The 2015 Short List
Ellison’s Embed With… series globetrots the gonzo-lite journalism of a Parts Unknown episode around a central axis of videogames, capturing local scenes with writing’s equivalent of a wide angle lens. Ellison shows herself here to be an inquisitive and wistful observer of culture, restoring to games their sense of place that’s been missing since the arcade’s decline.
See: Embed With…Singapore
Bois has shown a unique flair for finding humor and pathos (and a deep well of existential horror) in the expressions and flounderings of athletes’ digital likenesses. It wouldn’t have been unreasonable to expect that formula to wear thin in another season of his flagship series, Breaking Madden. But Bois answered that challenge by mining even deeper into the game’s subsystems, and surfacing with stories worth the effort.

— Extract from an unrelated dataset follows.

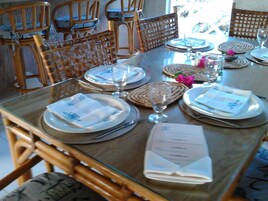 Una mesa de comedor dispuesta con platos, vasos y una carta.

Any listener of This American Life should feel right at home with Danskin’s meticulous presentation. It’s certainly on display in his comprehensive explainer Why Are You So Angry, but the catchall style proves well-suited to Danskin’s diverse areas of inquiry and criticism–making a discussion of cultivation theory as digestible as a discussion of Call of Duty.
What a game actually purports to be about is only one narrow band in the spectrum of its own meaning. Partin’s sprawling review of Prison Architect refuses to restrict itself to the former, and—as is proving typical for his criticism—instead spreads out to interpret in expert fashion the various subtexts, symbols, and histories coded into a little game about incarceration.

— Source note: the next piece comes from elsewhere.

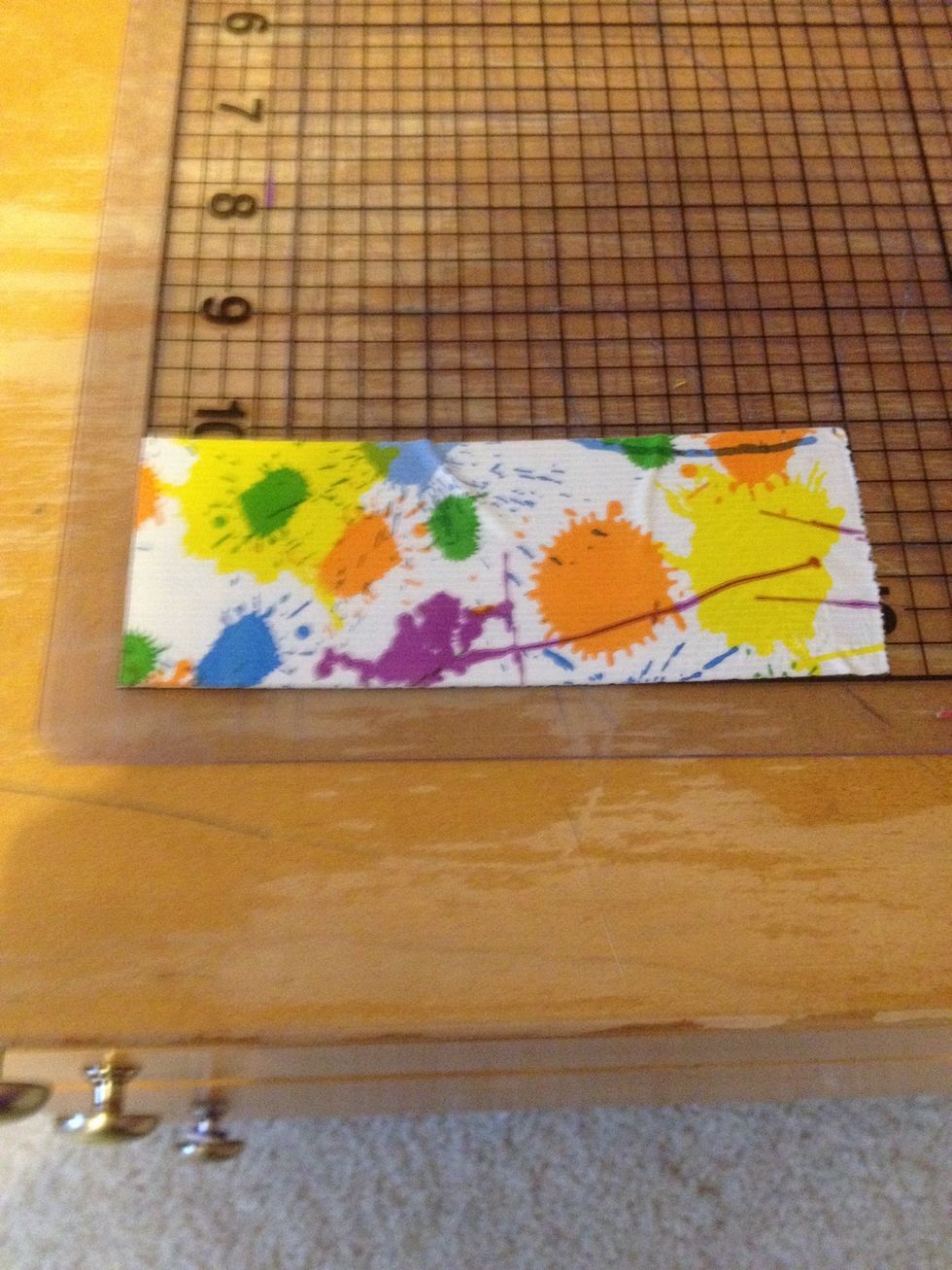 Then, get your pen and measure it. Cut a piece of tape that size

ESports Today has kept stride with a surging competitive gaming scene—no easy task—and it’s doubly impressive that Zacny (with cohost Andrew Groen) has managed to do so while maintaining a benchmark tone that’s both eminently listenable and approachable for those outside of eSports. Zacny also shares duties on the more pensive strategy game podcast Three Moves Ahead, one of the best weekly deep-dives available in audio.
See: ESports Today
Petit has become one of the most proficient practitioners of what Kieron Gillen called the “New Games Journalism,” sourcing inspiration from introspection, and using a sturdy sense of self as a foundation for critical arguments. Few writers have made such compelling cases for videogames’ ability to be personally affecting.
Donlan may be one of the rare critics whose name, appended to a verdict but otherwise bereft of any other context, could have value. But instead he treats his writing like a roguelike, where the attention and respect of his audience must be earned anew at the start of each piece. He frequently begins with a bracing in medias res—in gaming parlance, a sort of randomized spawn. But the path of his text reliably leads to a worthy destination.